Between any two numbers there is a rational number.
Proof:
If $\displaystyle a<b$ then $\displaystyle \left( {\exists K \in Z^ + } \right)\left[ {\frac{1} {{b - a}} < K} \right]$.
But that means that $\displaystyle 1 < Kb - Ka$ so by the lemma $\displaystyle \left( {\exists J \in Z} \right)\left[ {Ka < J < Kb} \right] \Rightarrow \quad a < \frac{K}{J} < b$.

Between any two numbers there is a irrational number.
Proof:
If $\displaystyle a<b$ then $\displaystyle a\sqrt 2 < b\sqrt 2$ so by the above $\displaystyle \left( {\exists r \in Q} \right)\left[ {a\sqrt 2 < r < b\sqrt 2 } \right]$.
But $\displaystyle a < \frac{r}{{\sqrt 2 }} < b$ and $\displaystyle \frac{r}{{\sqrt 2 }}$ is irrational .
• Apr 28th 2008, 05:02 PM
JaneBennet
Quote:

Originally Posted by Plato
But $\displaystyle a < \frac{r}{{\sqrt 2 }} < b$ and $\displaystyle \frac{r}{{\sqrt 2 }}$ is irrational.

$\displaystyle \frac{r}{\sqrt{2}}$ is rational if $\displaystyle r=0$.
• Apr 29th 2008, 01:06 AM
Isomorphism
Quote:

Originally Posted by JaneBennet
$\displaystyle \frac{r}{\sqrt{2}}$ is rational if $\displaystyle r=0$.

True.
But if a < 0 < b, then we can apply density of rationals to $\displaystyle a\sqrt{2}<0$ to obtain a 'r' such that $\displaystyle a\sqrt{2} < r < 0$......
• Apr 30th 2008, 06:17 AM
JaneBennet
Quote:

Originally Posted by Plato
Between any two numbers there is a irrational number.

Proof:

If $\displaystyle a<b$ then $\displaystyle a\sqrt 2 < b\sqrt 2$ so by the above $\displaystyle \left( {\exists r \in Q} \right)\left[ {a\sqrt 2 < r < b\sqrt 2 } \right]$.

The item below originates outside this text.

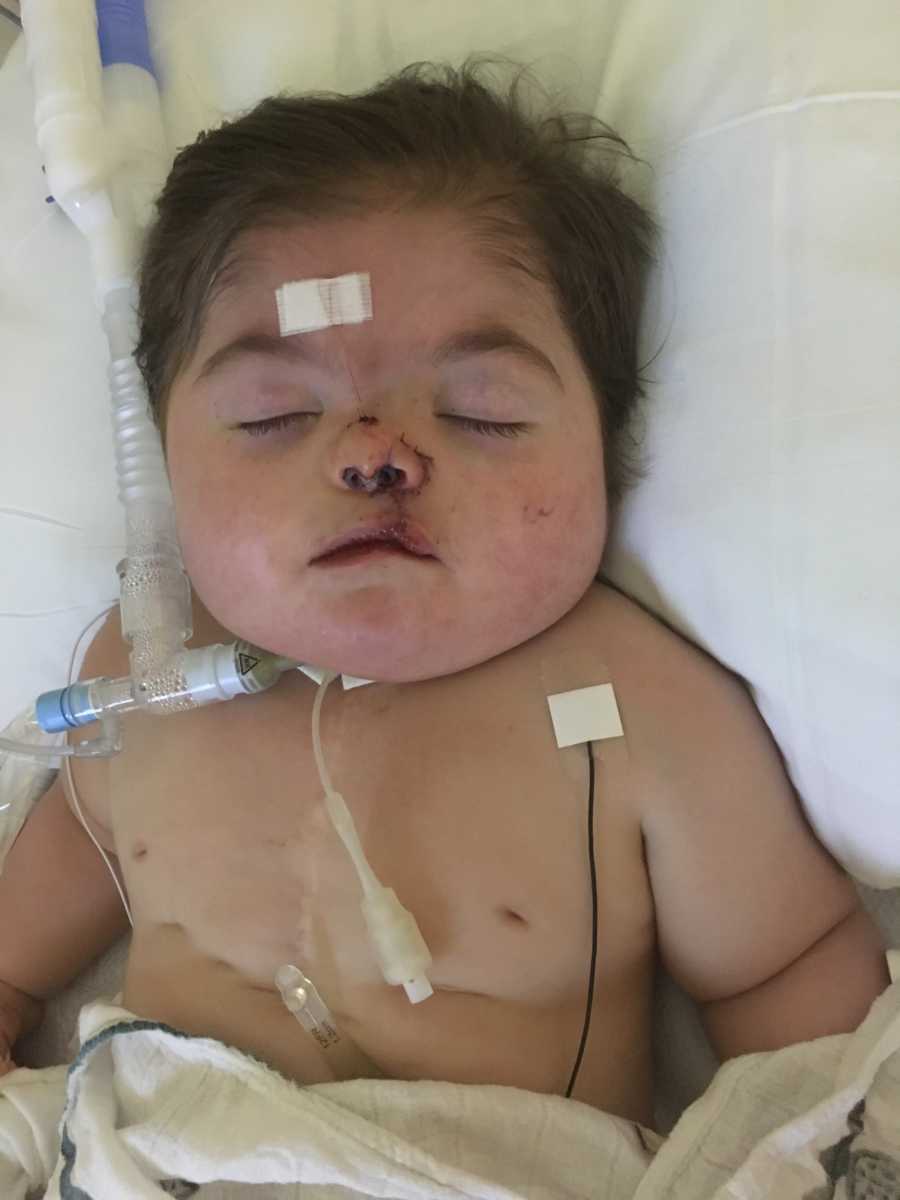 Baby boy lays on back after open heart surgery and cleft lip and palate surgery
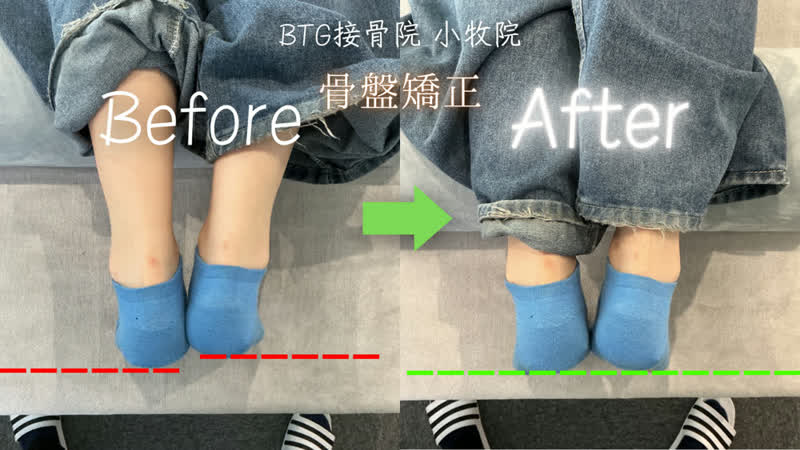 姿勢矯正のビフォーアフター 症例10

But $\displaystyle a < \frac{r}{{\sqrt 2 }} < b$ and $\displaystyle \frac{r}{{\sqrt 2 }}$ is irrational .

Quote:

Originally Posted by JaneBennet
$\displaystyle \frac{r}{\sqrt{2}}$ is rational if $\displaystyle r=0$.

Quote:

Originally Posted by Isomorphism
True.
But if a < 0 < b, then we can apply density of rationals to $\displaystyle a\sqrt{2}<0$ to obtain a 'r' such that $\displaystyle a\sqrt{2} < r < 0$......

Bah! The last part should be done this way.

If $\displaystyle a<b$ then $\displaystyle a+\sqrt 2 < b+\sqrt 2$ so by the above $\displaystyle \left( {\exists r \in \mathbb{Q}} \right)\left[ {a+\sqrt 2 < r < b+\sqrt 2 } \right]$.

But $\displaystyle a < r-\sqrt 2 < b$ and $\displaystyle r-\sqrt 2$ is irrational.